→ Task requirements:
Each record, minus any picture, should be returned exactly as written.

(Stored items from a collection)

-*-*-

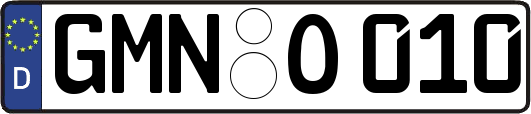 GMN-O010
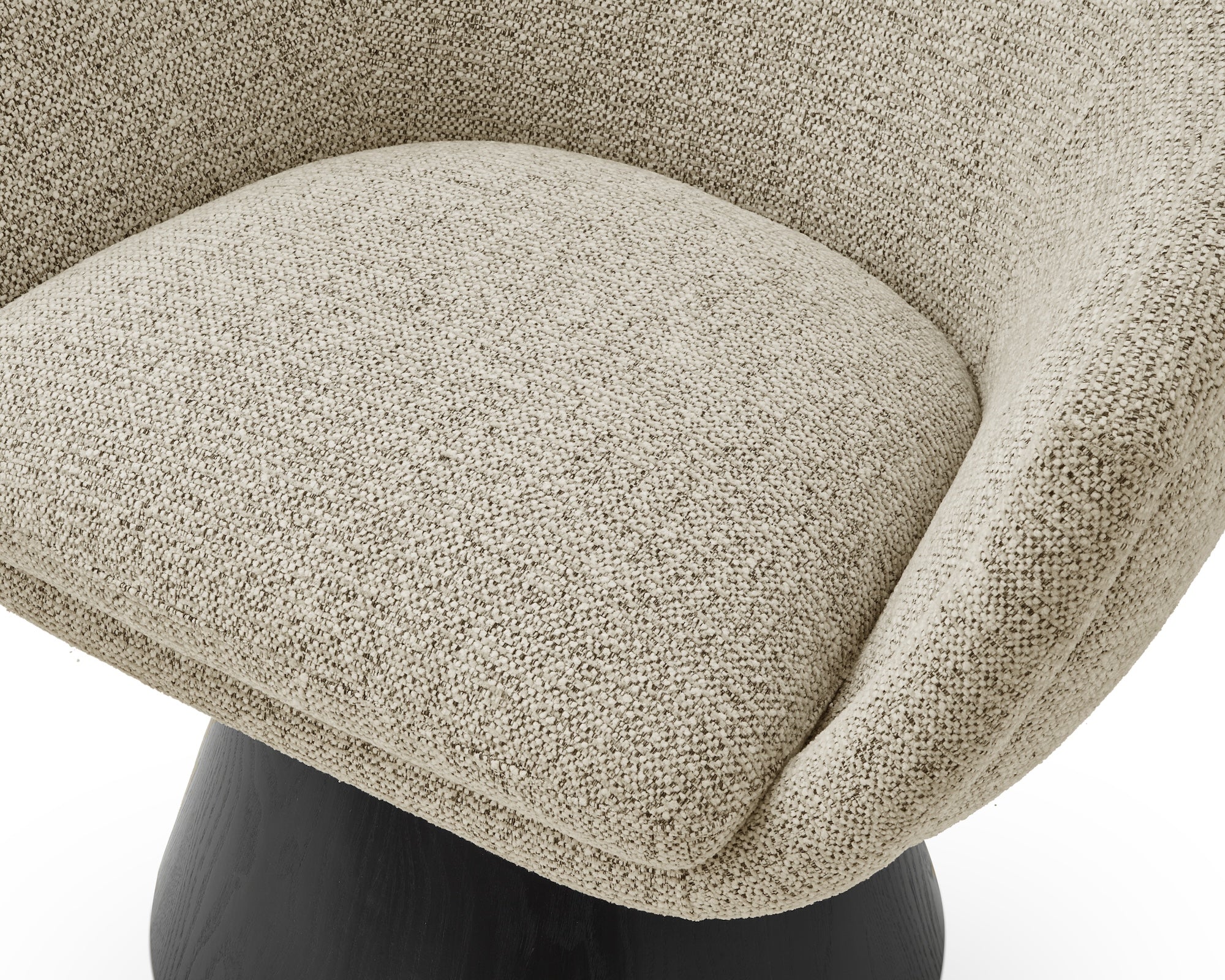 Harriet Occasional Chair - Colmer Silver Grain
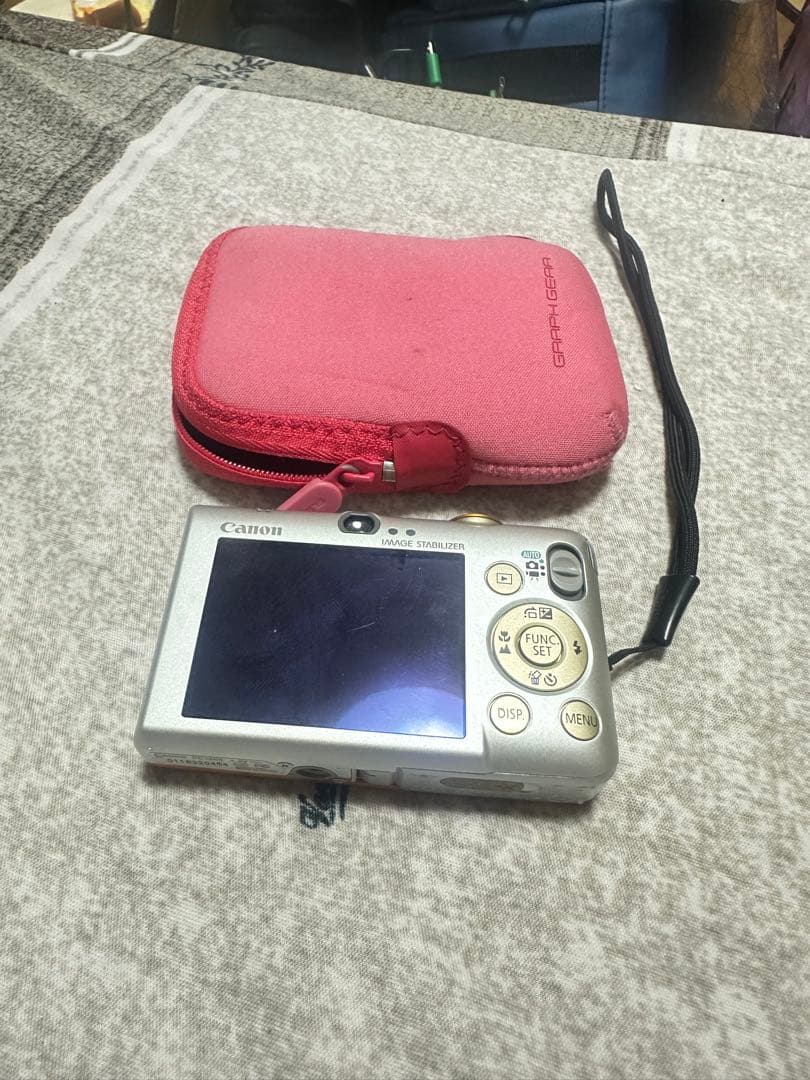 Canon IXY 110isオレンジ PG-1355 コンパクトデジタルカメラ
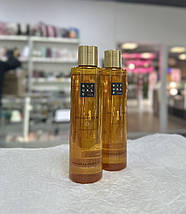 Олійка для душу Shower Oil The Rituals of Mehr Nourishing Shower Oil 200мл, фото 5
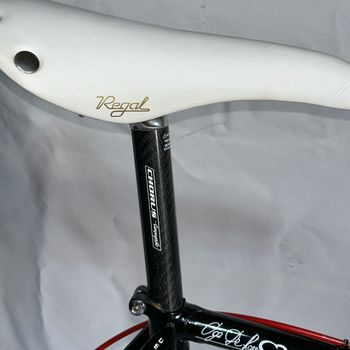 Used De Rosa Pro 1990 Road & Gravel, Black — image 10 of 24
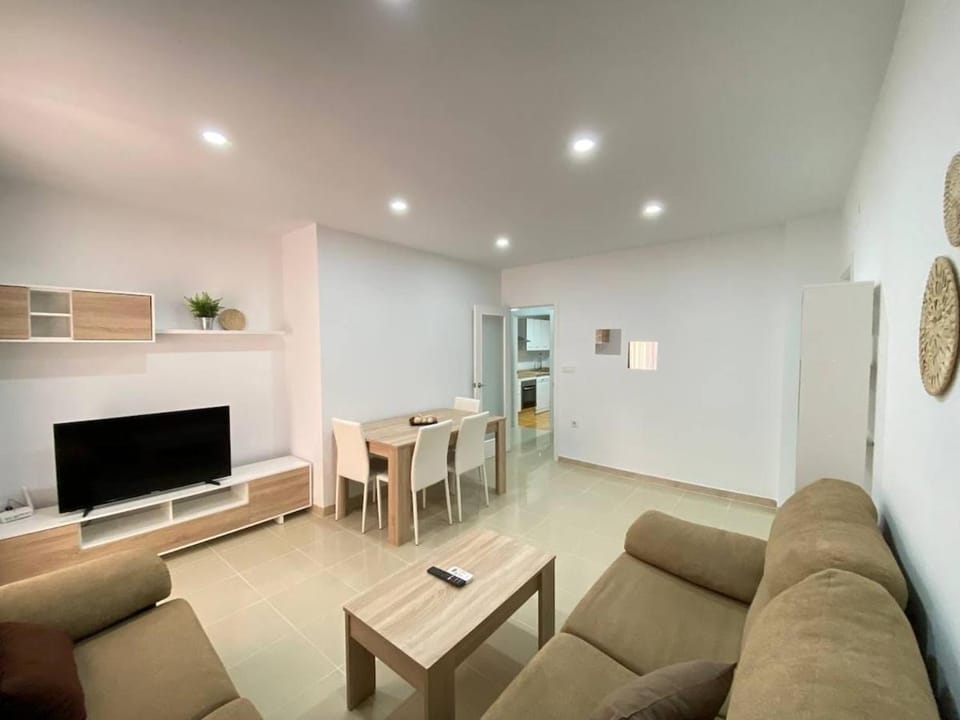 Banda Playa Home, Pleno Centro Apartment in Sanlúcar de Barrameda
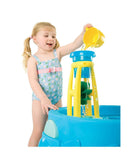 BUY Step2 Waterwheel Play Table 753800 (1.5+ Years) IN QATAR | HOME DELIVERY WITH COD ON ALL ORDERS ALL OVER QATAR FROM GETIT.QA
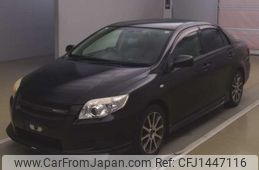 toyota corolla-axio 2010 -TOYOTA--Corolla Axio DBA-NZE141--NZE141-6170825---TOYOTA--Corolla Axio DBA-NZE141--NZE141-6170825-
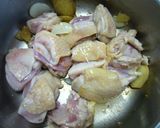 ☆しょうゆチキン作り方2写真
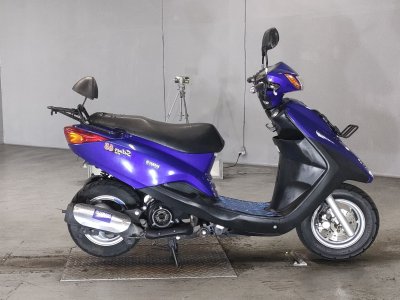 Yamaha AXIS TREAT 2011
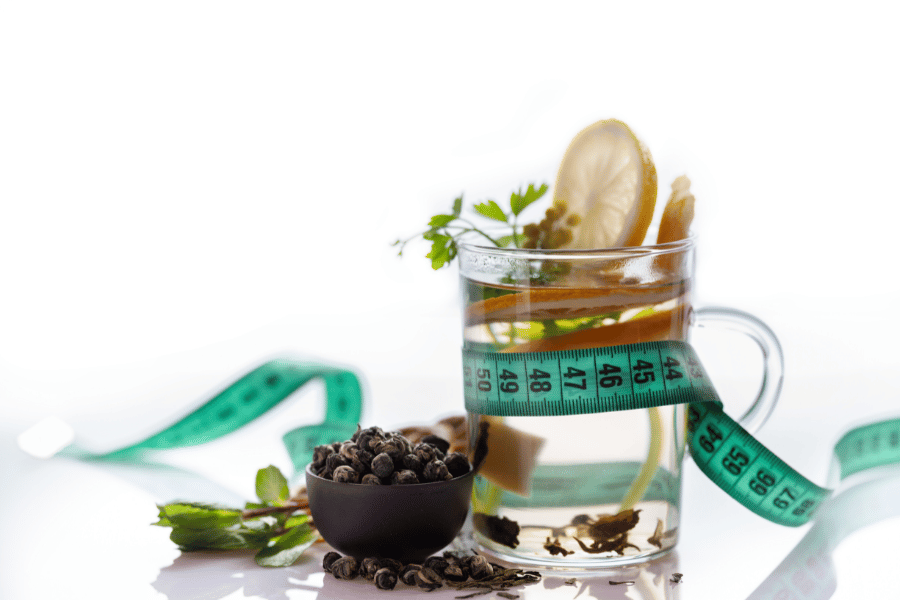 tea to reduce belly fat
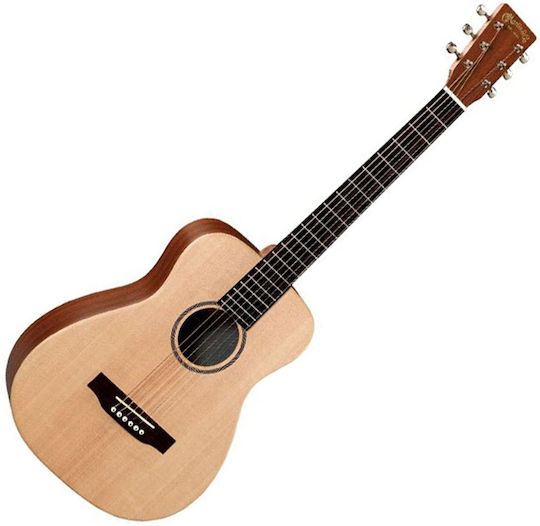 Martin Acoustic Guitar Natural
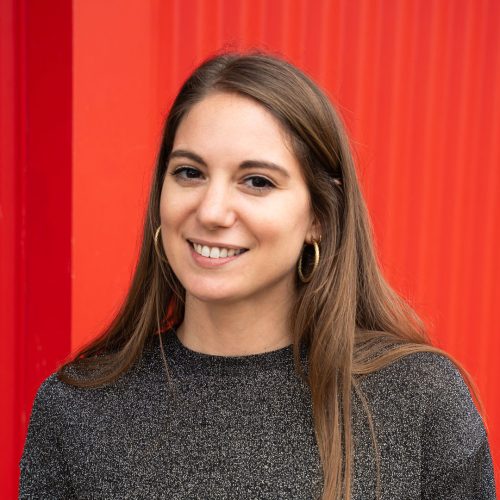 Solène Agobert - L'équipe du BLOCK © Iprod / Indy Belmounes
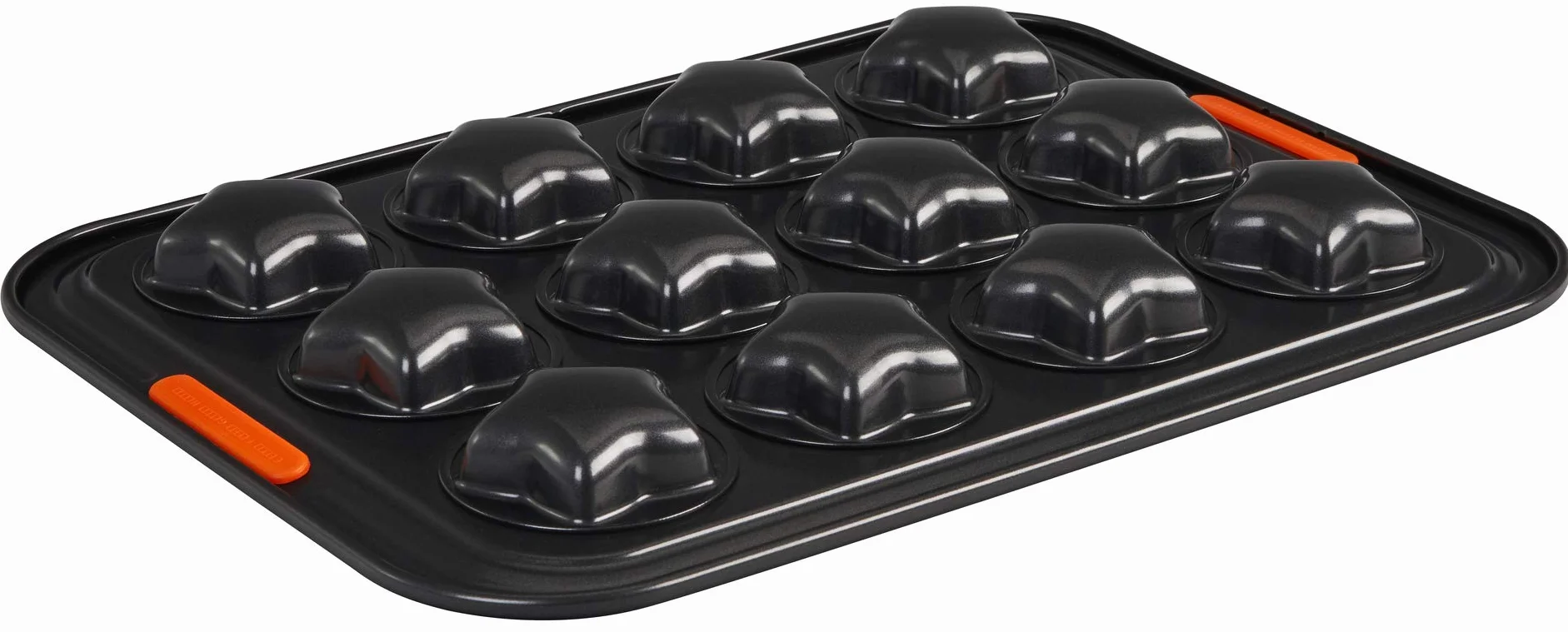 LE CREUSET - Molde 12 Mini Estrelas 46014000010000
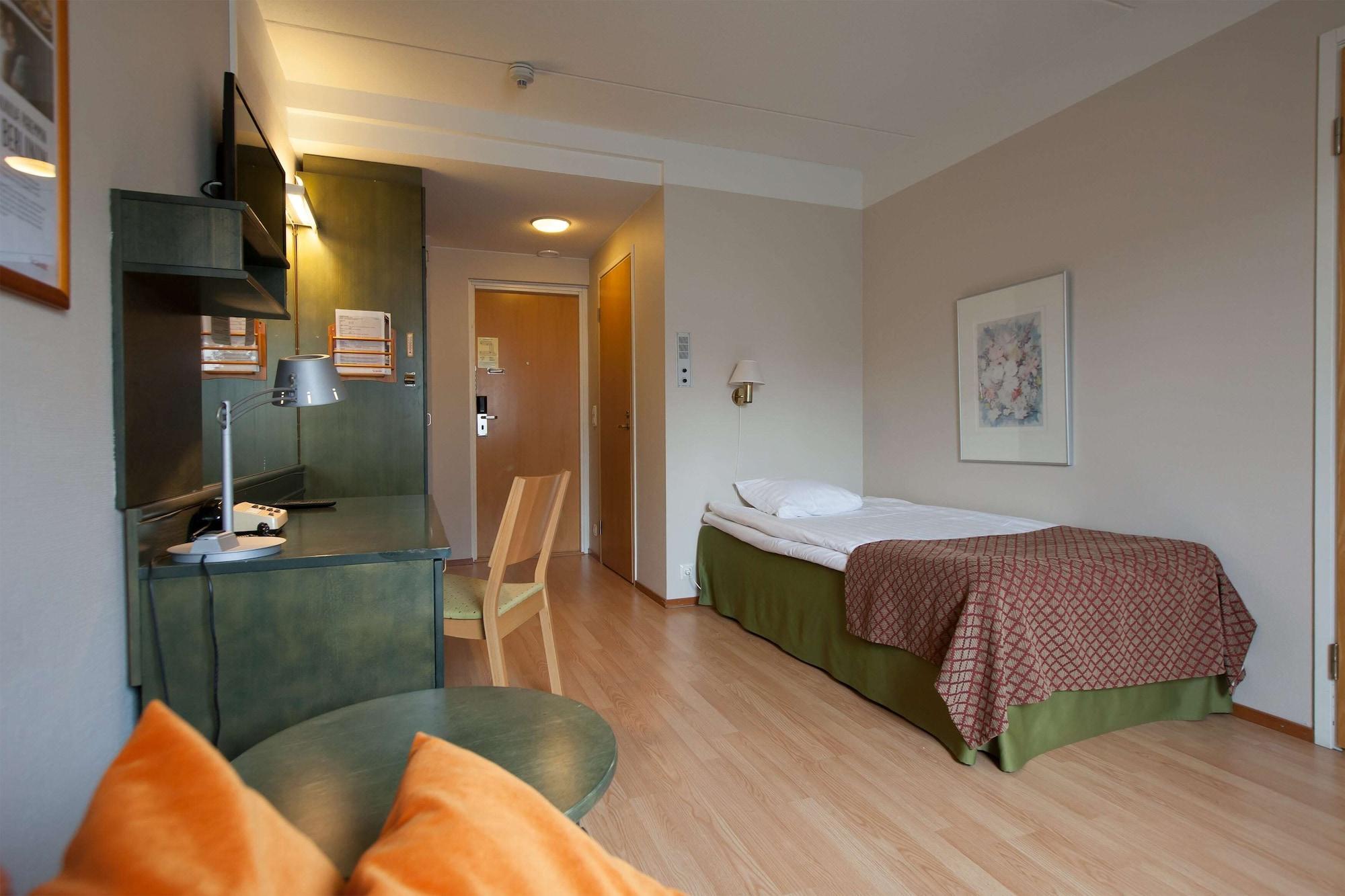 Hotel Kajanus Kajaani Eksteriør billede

-*-*-

→ Task result:
 GMN-O010
 Harriet Occasional Chair - Colmer Silver Grain
 Canon IXY 110isオレンジ PG-1355 コンパクトデジタルカメラ
 Олійка для душу Shower Oil The Rituals of Mehr Nourishing Shower Oil 200мл, фото 5
 Used De Rosa Pro 1990 Road & Gravel, Black — image 10 of 24
 Banda Playa Home, Pleno Centro Apartment in Sanlúcar de Barrameda
 BUY Step2 Waterwheel Play Table 753800 (1.5+ Years) IN QATAR | HOME DELIVERY WITH COD ON ALL ORDERS ALL OVER QATAR FROM GETIT.QA
 toyota corolla-axio 2010 -TOYOTA--Corolla Axio DBA-NZE141--NZE141-6170825---TOYOTA--Corolla Axio DBA-NZE141--NZE141-6170825-
 ☆しょうゆチキン作り方2写真
 Yamaha AXIS TREAT 2011
 tea to reduce belly fat
 Martin Acoustic Guitar Natural
 Solène Agobert - L'équipe du BLOCK © Iprod / Indy Belmounes
 LE CREUSET - Molde 12 Mini Estrelas 46014000010000
 Hotel Kajanus Kajaani Eksteriør billede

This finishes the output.